**Assignment**
Please give back word for word the lines of the material below between the line containing "#2 Dacia Post" and the line containing "Free Assembly Men's", inclusive.

**Provided information**
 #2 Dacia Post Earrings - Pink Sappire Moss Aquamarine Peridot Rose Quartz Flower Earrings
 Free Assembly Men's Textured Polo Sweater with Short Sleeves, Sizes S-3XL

---

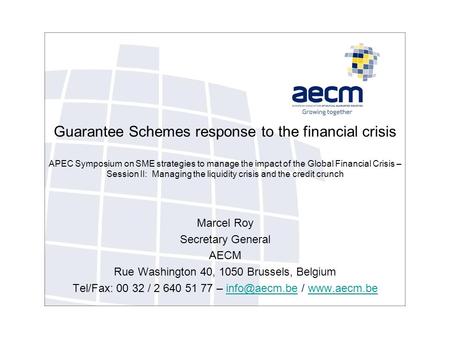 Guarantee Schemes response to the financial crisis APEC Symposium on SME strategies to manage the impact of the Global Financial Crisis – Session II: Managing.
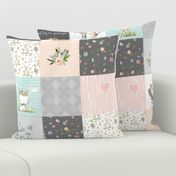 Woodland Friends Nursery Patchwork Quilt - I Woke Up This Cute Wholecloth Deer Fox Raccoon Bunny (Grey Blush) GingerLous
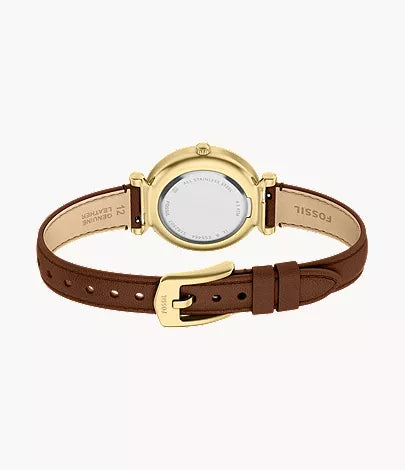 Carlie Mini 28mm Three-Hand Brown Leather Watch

**Exercise response**
 #2 Dacia Post Earrings - Pink Sappire Moss Aquamarine Peridot Rose Quartz Flower Earrings
 Free Assembly Men's Textured Polo Sweater with Short Sleeves, Sizes S-3XL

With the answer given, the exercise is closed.